— EXERCISE BRIEF —
A faithful copy is required: transcribe each line below exactly, minus the pictures.

BEGIN

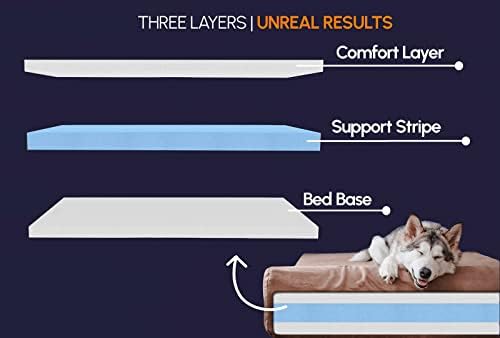 Big Barker 7 מהדורת ספה מיטת כלבים אורטופדית - מיטות כלבים לכלבים גדולים העשויים קצף אורתומדי - אפור פחם, ענק - נוח, תומך במפרקים,
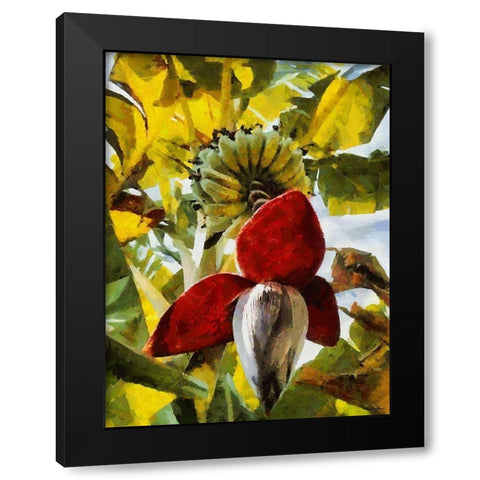 Banana Tree III Black Modern Wood Framed Art Print by Medeiros, Celito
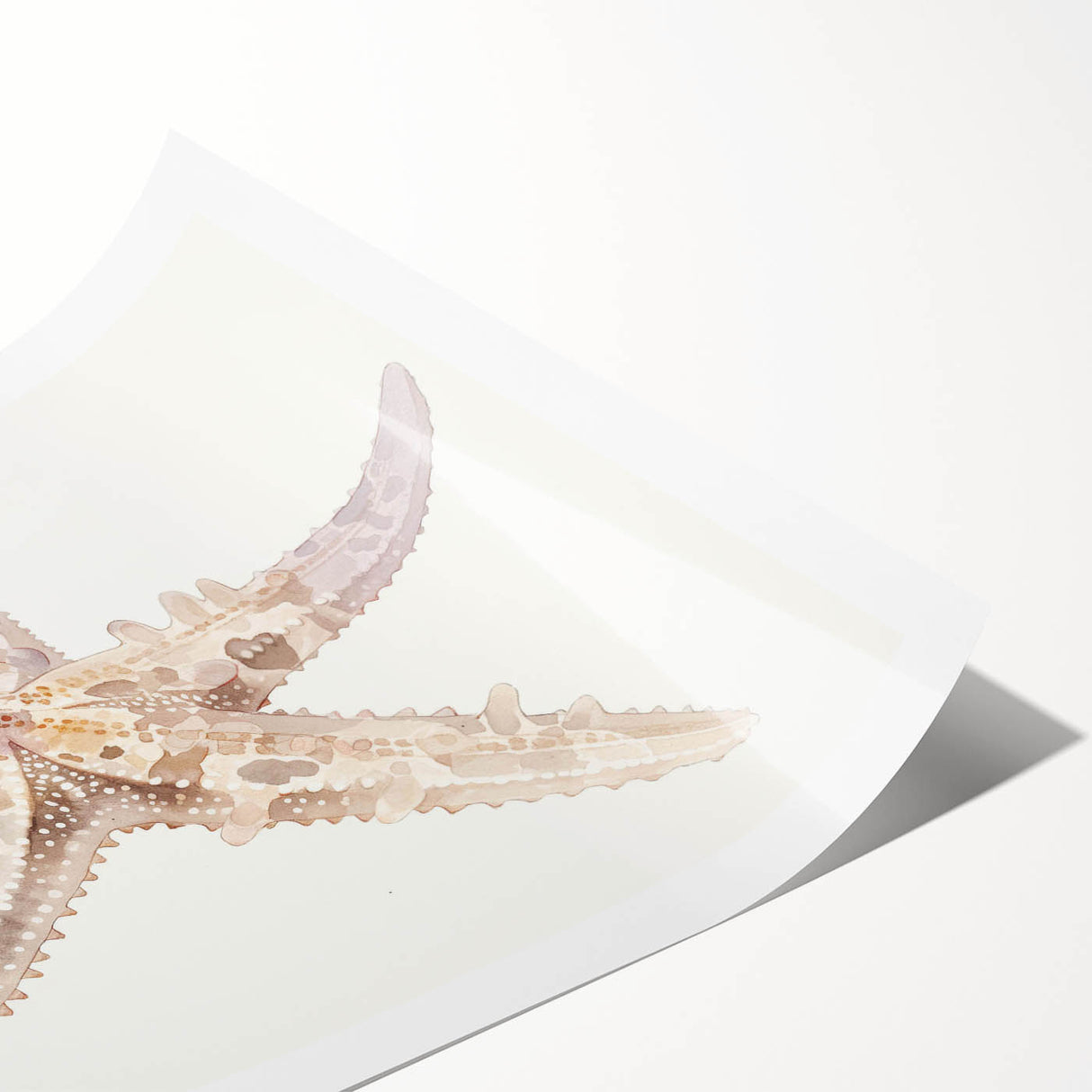 Vibrant marine life wall art featuring a detailed starfish design on a rolled print, showcasing intricate textures and colors, perfect for ocean-themed decor.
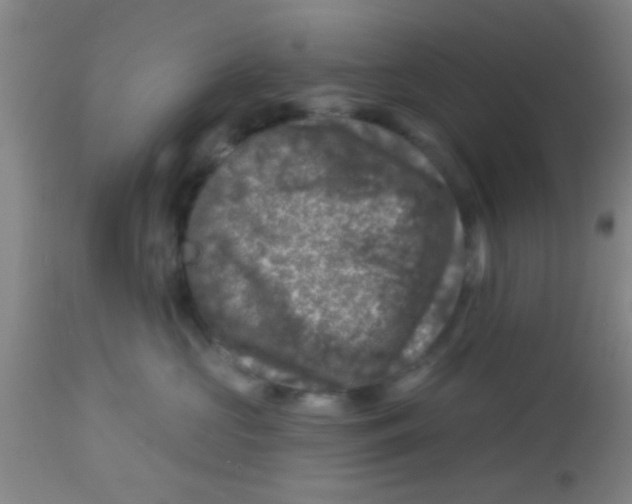 X0000113860573200910221444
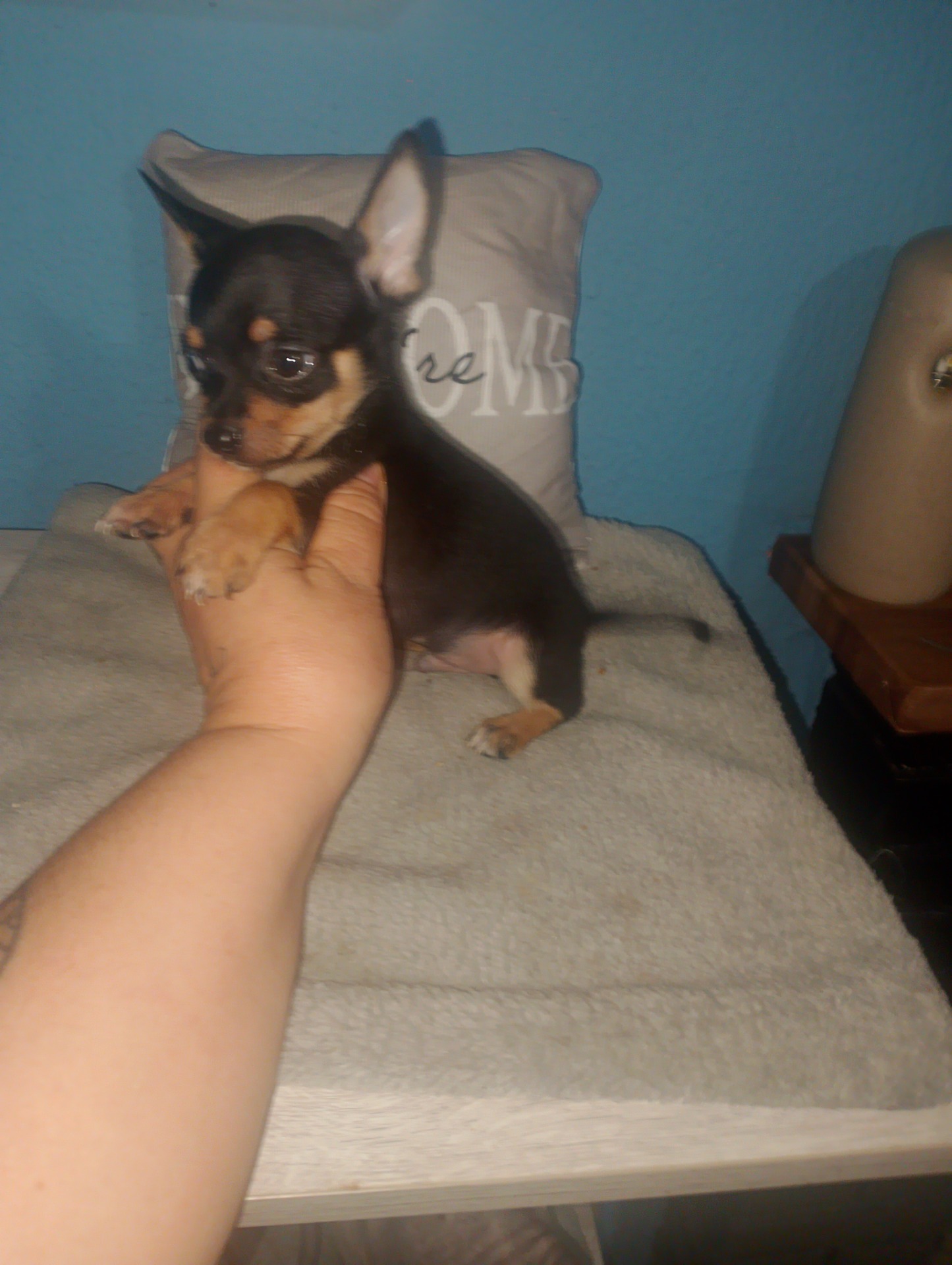 Macho negro fuego 600€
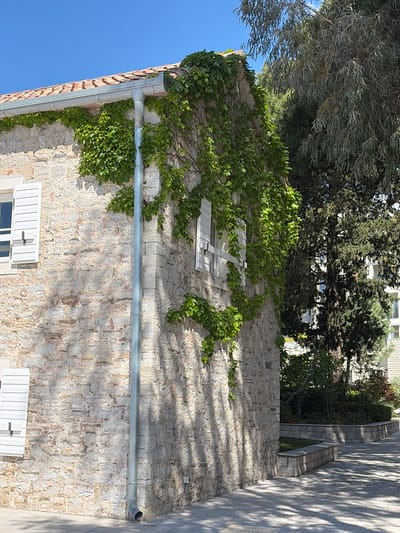 The image shows a stone building in Meljine, Montenegro. The building is covered in ivy and has white window shutters. A gray gutter runs horizontally along the side of the building. The sky is blue and clear. A tree with soft, thin leaves is in the upper left. Other trees are visible behind the building. A sidewalk with shadow patterns from the trees is in the background on the right side.
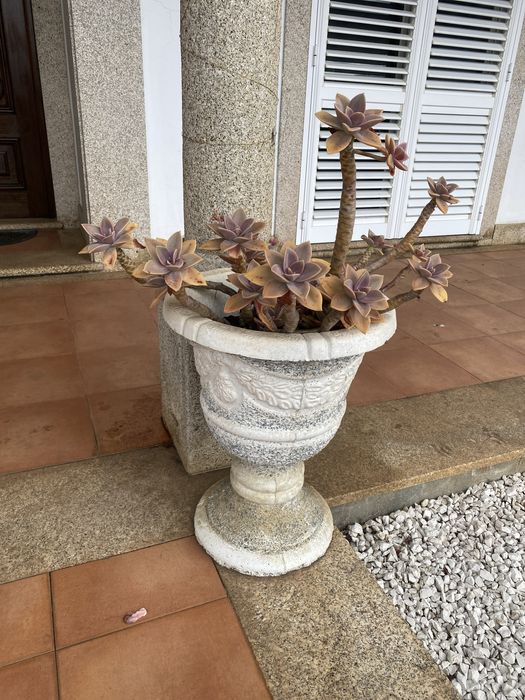 Vasos de pedra com plantas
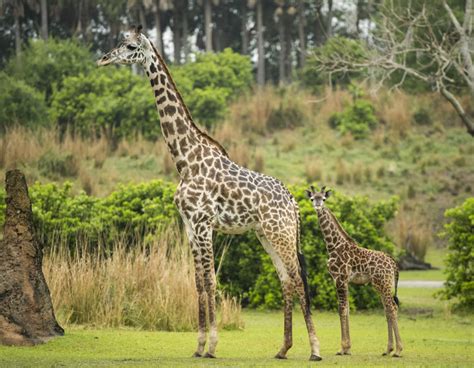 Male Masai Giraffe Calf Makes His Debut on Kilimanjaro Safaris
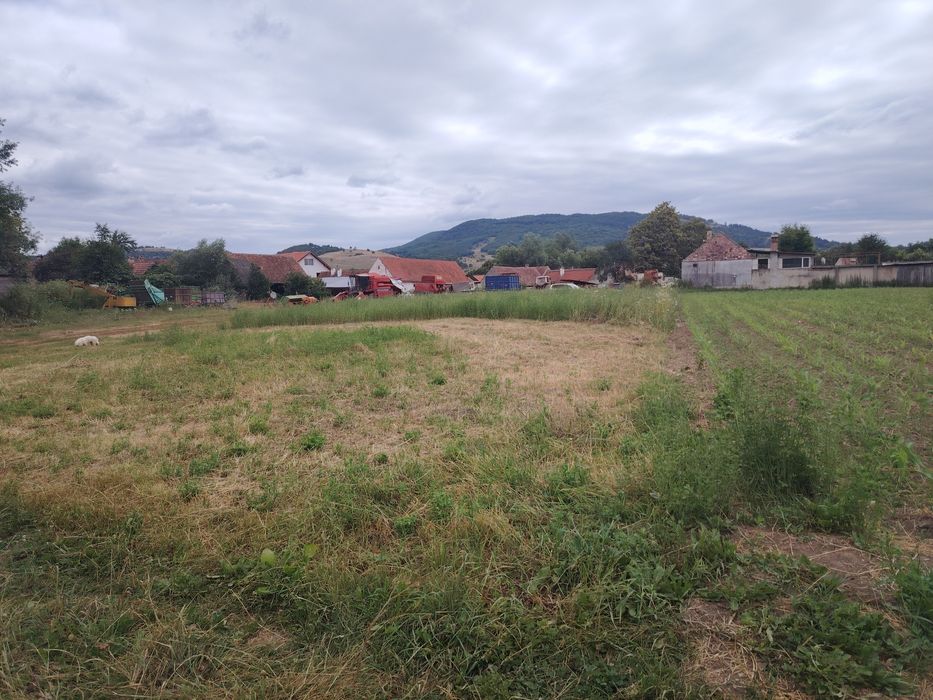 Teren intravilan de vanzare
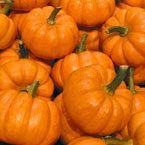 pumpkin, mini pumpkins, vegetable, fresh veggie, vegetable photo, free stock photo, free picture, stock photography, royalty-free image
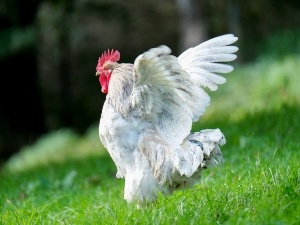 Red Spots On Chicken Legs, (3 Reasons Why + What To Do) 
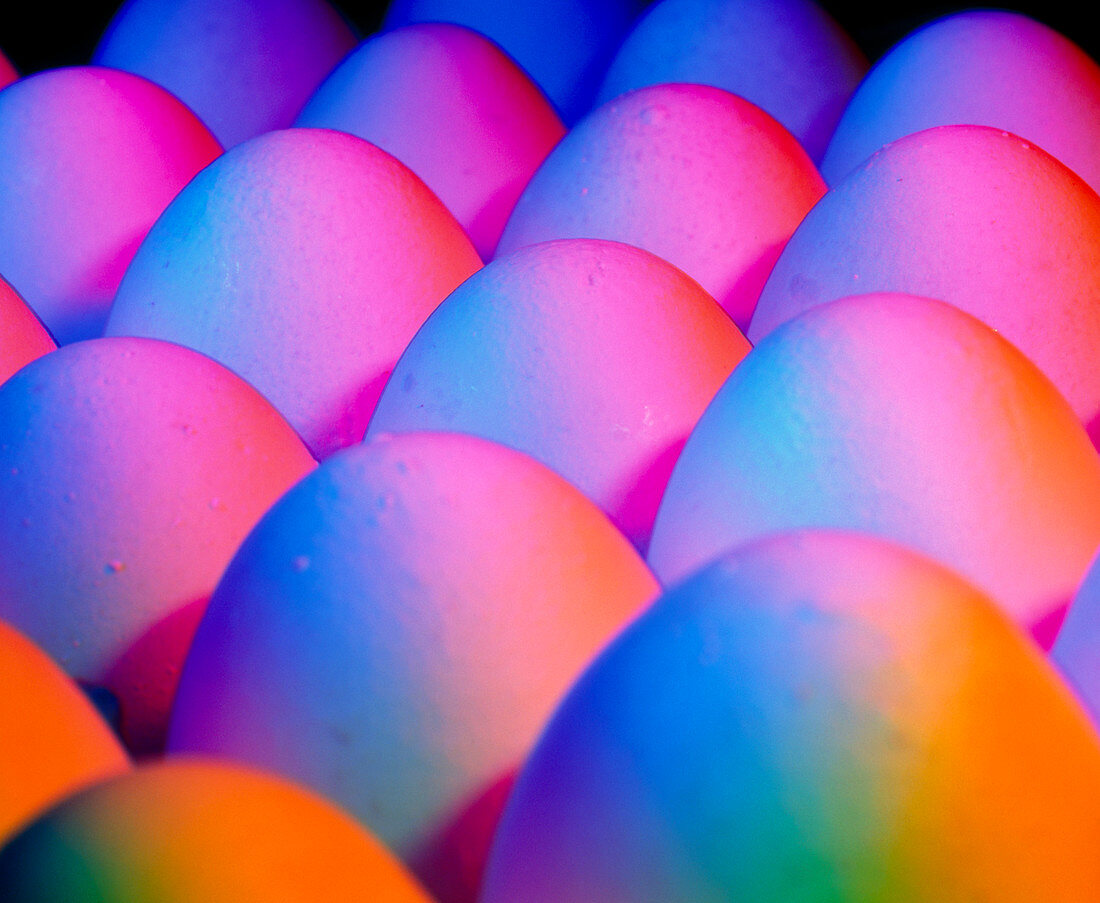 View of rows of chicken eggs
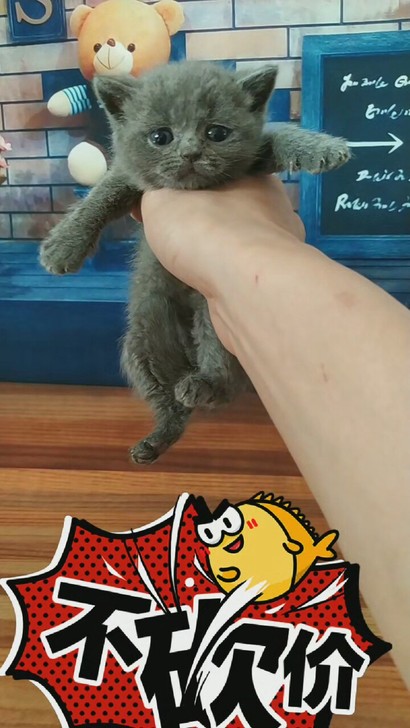 不是我吹牛！这个猫长大了会生小猫！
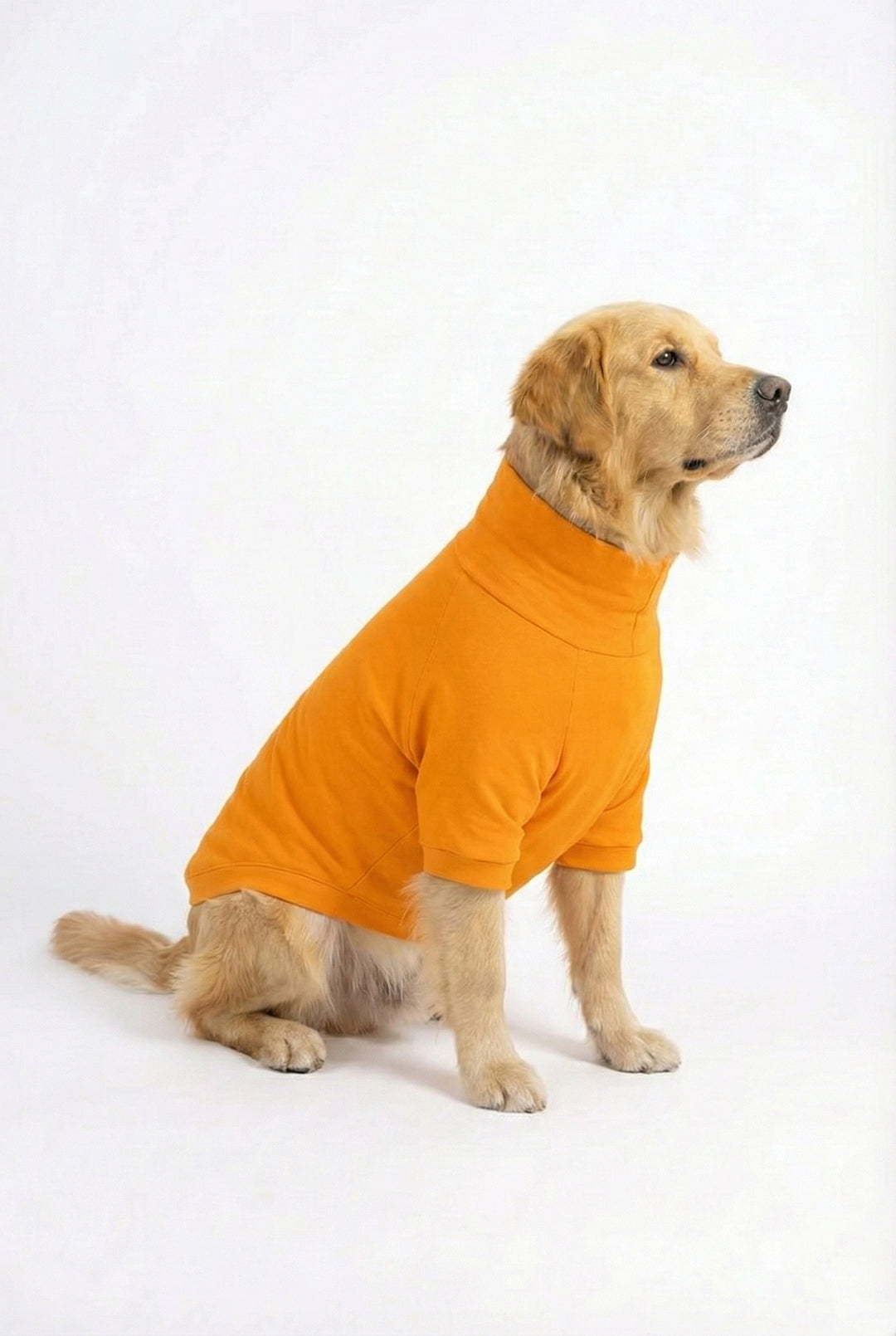 Sunset Orange Long Neck T-shirt for Dogs and Cats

END

— ANSWER TO THIS PROBLEM —
 Big Barker 7 מהדורת ספה מיטת כלבים אורטופדית - מיטות כלבים לכלבים גדולים העשויים קצף אורתומדי - אפור פחם, ענק - נוח, תומך במפרקים,
 Banana Tree III Black Modern Wood Framed Art Print by Medeiros, Celito
 Vibrant marine life wall art featuring a detailed starfish design on a rolled print, showcasing intricate textures and colors, perfect for ocean-themed decor.
 X0000113860573200910221444
 Macho negro fuego 600€
 The image shows a stone building in Meljine, Montenegro. The building is covered in ivy and has white window shutters. A gray gutter runs horizontally along the side of the building. The sky is blue and clear. A tree with soft, thin leaves is in the upper left. Other trees are visible behind the building. A sidewalk with shadow patterns from the trees is in the background on the right side.
 Vasos de pedra com plantas
 Male Masai Giraffe Calf Makes His Debut on Kilimanjaro Safaris
 Teren intravilan de vanzare
 pumpkin, mini pumpkins, vegetable, fresh veggie, vegetable photo, free stock photo, free picture, stock photography, royalty-free image
 Red Spots On Chicken Legs, (3 Reasons Why + What To Do) 
 View of rows of chicken eggs
 不是我吹牛！这个猫长大了会生小猫！
 Sunset Orange Long Neck T-shirt for Dogs and Cats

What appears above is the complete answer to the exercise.